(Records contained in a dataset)
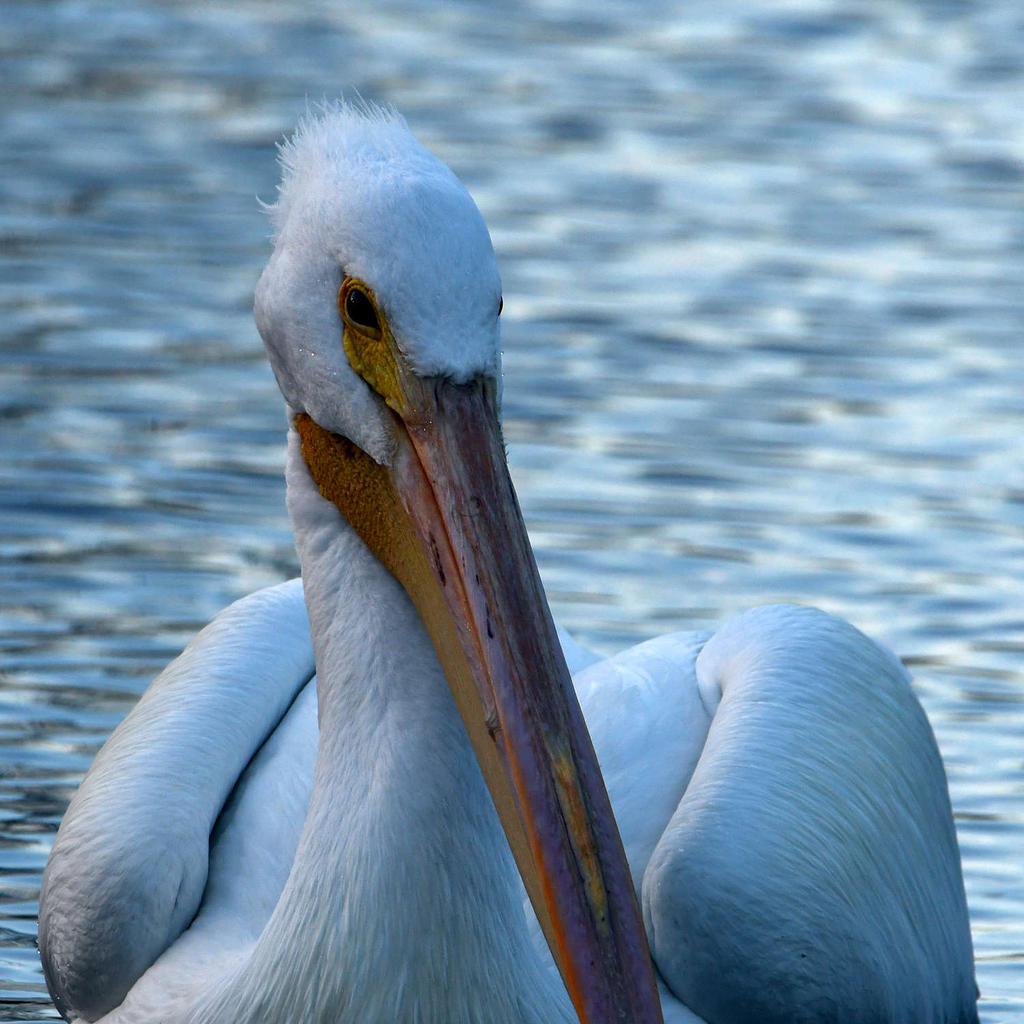 Pelican.jpg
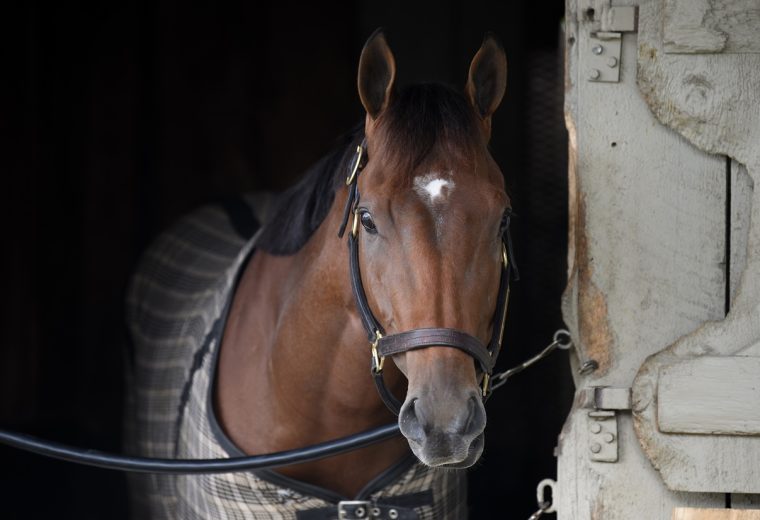 Renegade - credit Chris Rahayel - Coglianese Photo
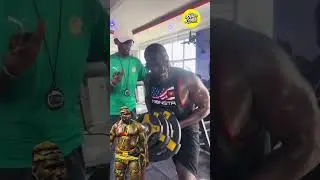 Alioune Seye 2 respire la forme #lamb #duo #luttes&eacute;n&eacute;galaise #sports #guediawaye #dakar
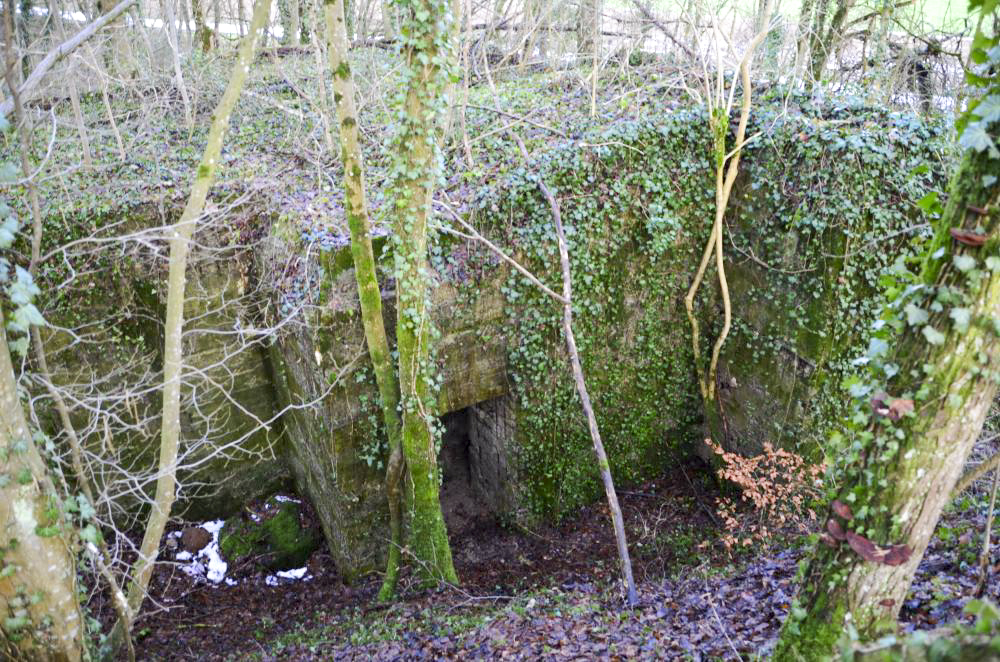 Ligne Maginot - HUTTINGUE EST - (Blockhaus pour canon) - Façade Sud avec l'entrée des hommes.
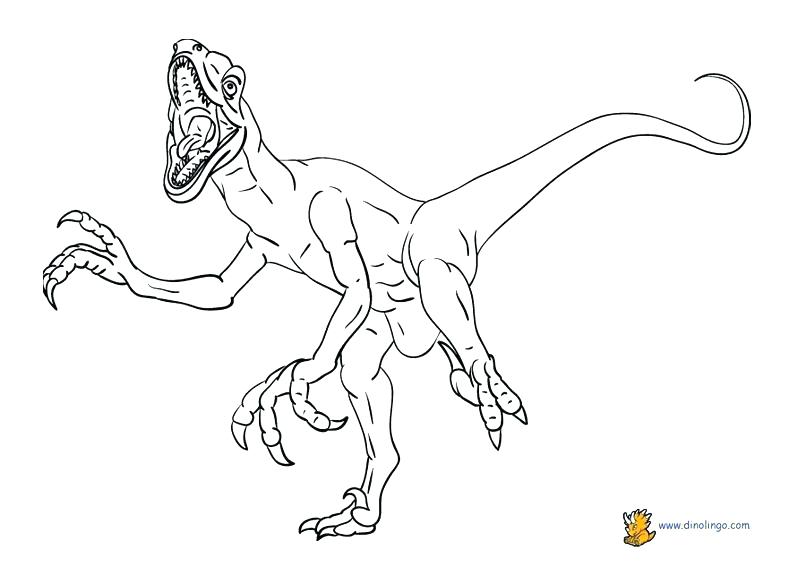 792x576 Dinosaur Coloring Page Coloring Pages Of Dinosaurs Drawing Kids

Work to complete: Where the data contains images, drop them and print the rest exactly.

Completed exercise:
 Pelican.jpg
 Renegade - credit Chris Rahayel - Coglianese Photo
 Alioune Seye 2 respire la forme #lamb #duo #luttes&eacute;n&eacute;galaise #sports #guediawaye #dakar
 Ligne Maginot - HUTTINGUE EST - (Blockhaus pour canon) - Façade Sud avec l'entrée des hommes.
 792x576 Dinosaur Coloring Page Coloring Pages Of Dinosaurs Drawing Kids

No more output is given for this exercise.